▶ WORK ITEM
Your answer is the lines below, exactly, from the one that contains "Westbury 5 PC" through the one that contains "Super recommended Japanese", both included.

*** Opening of DATA EXCERPTS ***

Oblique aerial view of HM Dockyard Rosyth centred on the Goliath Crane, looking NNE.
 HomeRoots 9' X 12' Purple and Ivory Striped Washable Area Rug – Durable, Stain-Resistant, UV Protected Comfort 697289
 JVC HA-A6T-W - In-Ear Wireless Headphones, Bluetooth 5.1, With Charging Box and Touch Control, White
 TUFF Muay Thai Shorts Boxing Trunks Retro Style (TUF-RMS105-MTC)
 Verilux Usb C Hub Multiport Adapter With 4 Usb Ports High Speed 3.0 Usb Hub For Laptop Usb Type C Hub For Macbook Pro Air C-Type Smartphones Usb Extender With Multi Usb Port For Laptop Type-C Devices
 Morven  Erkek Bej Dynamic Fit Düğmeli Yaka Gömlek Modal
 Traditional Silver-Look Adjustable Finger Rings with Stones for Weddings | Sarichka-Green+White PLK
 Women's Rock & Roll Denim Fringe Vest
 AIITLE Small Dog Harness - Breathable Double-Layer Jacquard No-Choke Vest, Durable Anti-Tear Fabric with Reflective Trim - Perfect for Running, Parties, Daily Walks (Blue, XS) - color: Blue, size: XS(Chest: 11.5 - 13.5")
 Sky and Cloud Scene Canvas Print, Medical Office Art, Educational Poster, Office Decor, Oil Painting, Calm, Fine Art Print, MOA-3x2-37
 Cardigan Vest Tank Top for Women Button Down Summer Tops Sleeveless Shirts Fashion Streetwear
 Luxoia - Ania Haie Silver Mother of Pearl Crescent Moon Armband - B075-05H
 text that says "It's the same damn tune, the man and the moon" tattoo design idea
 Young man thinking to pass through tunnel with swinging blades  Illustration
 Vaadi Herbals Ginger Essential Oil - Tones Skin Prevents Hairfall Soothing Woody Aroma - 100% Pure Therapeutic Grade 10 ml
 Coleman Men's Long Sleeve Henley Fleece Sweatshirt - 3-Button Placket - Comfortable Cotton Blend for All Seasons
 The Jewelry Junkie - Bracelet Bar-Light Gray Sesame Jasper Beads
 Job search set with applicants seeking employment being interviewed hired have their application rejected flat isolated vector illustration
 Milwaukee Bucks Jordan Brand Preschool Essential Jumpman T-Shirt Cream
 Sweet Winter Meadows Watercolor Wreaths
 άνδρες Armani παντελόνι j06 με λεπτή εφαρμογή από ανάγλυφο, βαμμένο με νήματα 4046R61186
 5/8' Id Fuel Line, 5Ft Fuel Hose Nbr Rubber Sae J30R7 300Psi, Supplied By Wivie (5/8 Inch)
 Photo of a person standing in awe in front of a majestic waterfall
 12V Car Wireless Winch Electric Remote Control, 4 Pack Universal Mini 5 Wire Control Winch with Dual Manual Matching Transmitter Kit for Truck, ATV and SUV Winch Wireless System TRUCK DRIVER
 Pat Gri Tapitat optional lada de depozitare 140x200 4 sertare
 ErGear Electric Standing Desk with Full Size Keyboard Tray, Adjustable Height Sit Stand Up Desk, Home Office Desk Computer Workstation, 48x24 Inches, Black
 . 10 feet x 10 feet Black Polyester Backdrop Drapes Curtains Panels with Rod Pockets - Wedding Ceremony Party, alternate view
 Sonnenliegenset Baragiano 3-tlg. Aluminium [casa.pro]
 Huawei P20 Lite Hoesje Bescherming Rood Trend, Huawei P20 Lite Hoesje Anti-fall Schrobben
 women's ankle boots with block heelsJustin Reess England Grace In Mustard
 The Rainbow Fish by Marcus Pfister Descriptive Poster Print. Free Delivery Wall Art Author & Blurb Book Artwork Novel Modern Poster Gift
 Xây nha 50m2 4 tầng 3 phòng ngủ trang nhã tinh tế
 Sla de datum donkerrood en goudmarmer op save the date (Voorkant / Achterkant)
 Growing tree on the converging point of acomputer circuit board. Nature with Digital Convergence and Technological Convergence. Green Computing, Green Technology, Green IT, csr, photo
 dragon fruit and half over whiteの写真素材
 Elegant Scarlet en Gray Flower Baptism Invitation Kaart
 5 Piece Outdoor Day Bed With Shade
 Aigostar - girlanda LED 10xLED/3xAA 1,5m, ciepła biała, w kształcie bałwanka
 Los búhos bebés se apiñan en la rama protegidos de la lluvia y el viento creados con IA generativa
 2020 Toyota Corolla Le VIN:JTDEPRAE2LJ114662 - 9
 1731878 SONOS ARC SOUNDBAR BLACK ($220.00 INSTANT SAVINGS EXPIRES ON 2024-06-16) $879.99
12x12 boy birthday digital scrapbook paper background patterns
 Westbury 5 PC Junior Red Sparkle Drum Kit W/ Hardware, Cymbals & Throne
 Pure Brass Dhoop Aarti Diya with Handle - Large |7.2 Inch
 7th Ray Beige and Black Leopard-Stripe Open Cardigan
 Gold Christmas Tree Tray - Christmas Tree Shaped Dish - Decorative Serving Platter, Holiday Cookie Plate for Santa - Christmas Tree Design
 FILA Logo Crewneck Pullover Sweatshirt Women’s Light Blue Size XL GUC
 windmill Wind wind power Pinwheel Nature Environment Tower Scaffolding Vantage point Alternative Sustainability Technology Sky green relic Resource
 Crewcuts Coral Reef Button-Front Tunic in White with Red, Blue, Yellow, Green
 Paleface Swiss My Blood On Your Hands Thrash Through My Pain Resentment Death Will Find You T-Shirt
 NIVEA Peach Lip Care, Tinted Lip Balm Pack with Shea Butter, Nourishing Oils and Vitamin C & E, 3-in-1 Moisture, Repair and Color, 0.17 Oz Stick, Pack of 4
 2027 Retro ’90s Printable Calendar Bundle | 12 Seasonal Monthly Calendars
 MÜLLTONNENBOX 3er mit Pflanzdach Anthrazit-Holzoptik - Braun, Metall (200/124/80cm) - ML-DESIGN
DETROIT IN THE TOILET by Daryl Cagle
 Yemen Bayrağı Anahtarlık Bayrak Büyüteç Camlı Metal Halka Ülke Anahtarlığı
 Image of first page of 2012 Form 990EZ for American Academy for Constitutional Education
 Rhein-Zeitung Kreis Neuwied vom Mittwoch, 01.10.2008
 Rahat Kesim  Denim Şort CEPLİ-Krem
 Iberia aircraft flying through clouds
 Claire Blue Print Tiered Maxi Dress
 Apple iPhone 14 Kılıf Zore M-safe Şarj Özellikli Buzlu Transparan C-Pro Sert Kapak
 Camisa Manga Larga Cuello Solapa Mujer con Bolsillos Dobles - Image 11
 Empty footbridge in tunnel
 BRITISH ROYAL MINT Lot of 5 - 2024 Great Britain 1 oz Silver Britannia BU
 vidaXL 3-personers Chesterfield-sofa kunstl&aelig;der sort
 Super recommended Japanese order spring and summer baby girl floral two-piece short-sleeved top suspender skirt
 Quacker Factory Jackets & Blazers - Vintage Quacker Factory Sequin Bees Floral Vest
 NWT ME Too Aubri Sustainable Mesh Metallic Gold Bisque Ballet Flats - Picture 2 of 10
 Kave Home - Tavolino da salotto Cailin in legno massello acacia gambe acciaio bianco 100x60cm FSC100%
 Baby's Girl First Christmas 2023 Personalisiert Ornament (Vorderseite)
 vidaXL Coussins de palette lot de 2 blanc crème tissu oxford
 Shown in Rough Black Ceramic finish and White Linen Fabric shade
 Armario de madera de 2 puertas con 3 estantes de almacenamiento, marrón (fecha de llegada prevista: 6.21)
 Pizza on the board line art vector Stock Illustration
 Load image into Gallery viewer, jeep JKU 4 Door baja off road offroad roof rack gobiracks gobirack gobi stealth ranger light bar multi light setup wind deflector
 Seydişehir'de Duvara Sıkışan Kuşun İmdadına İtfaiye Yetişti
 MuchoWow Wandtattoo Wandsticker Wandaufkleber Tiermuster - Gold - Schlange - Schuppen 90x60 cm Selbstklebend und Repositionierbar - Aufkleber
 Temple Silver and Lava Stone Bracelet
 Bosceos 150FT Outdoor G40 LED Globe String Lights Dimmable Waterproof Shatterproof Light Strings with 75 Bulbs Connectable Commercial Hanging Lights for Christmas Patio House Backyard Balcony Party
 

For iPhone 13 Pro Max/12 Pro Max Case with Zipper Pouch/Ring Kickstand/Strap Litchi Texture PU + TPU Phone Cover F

*** Close of DATA EXCERPTS ***

▶ WRITTEN ANSWER
 Westbury 5 PC Junior Red Sparkle Drum Kit W/ Hardware, Cymbals & Throne
 Pure Brass Dhoop Aarti Diya with Handle - Large |7.2 Inch
 7th Ray Beige and Black Leopard-Stripe Open Cardigan
 Gold Christmas Tree Tray - Christmas Tree Shaped Dish - Decorative Serving Platter, Holiday Cookie Plate for Santa - Christmas Tree Design
 FILA Logo Crewneck Pullover Sweatshirt Women’s Light Blue Size XL GUC
 windmill Wind wind power Pinwheel Nature Environment Tower Scaffolding Vantage point Alternative Sustainability Technology Sky green relic Resource
 Crewcuts Coral Reef Button-Front Tunic in White with Red, Blue, Yellow, Green
 Paleface Swiss My Blood On Your Hands Thrash Through My Pain Resentment Death Will Find You T-Shirt
 NIVEA Peach Lip Care, Tinted Lip Balm Pack with Shea Butter, Nourishing Oils and Vitamin C & E, 3-in-1 Moisture, Repair and Color, 0.17 Oz Stick, Pack of 4
 2027 Retro ’90s Printable Calendar Bundle | 12 Seasonal Monthly Calendars
 MÜLLTONNENBOX 3er mit Pflanzdach Anthrazit-Holzoptik - Braun, Metall (200/124/80cm) - ML-DESIGN
DETROIT IN THE TOILET by Daryl Cagle
 Yemen Bayrağı Anahtarlık Bayrak Büyüteç Camlı Metal Halka Ülke Anahtarlığı
 Image of first page of 2012 Form 990EZ for American Academy for Constitutional Education
 Rhein-Zeitung Kreis Neuwied vom Mittwoch, 01.10.2008
 Rahat Kesim  Denim Şort CEPLİ-Krem
 Iberia aircraft flying through clouds
 Claire Blue Print Tiered Maxi Dress
 Apple iPhone 14 Kılıf Zore M-safe Şarj Özellikli Buzlu Transparan C-Pro Sert Kapak
 Camisa Manga Larga Cuello Solapa Mujer con Bolsillos Dobles - Image 11
 Empty footbridge in tunnel
 BRITISH ROYAL MINT Lot of 5 - 2024 Great Britain 1 oz Silver Britannia BU
 vidaXL 3-personers Chesterfield-sofa kunstl&aelig;der sort
 Super recommended Japanese order spring and summer baby girl floral two-piece short-sleeved top suspender skirt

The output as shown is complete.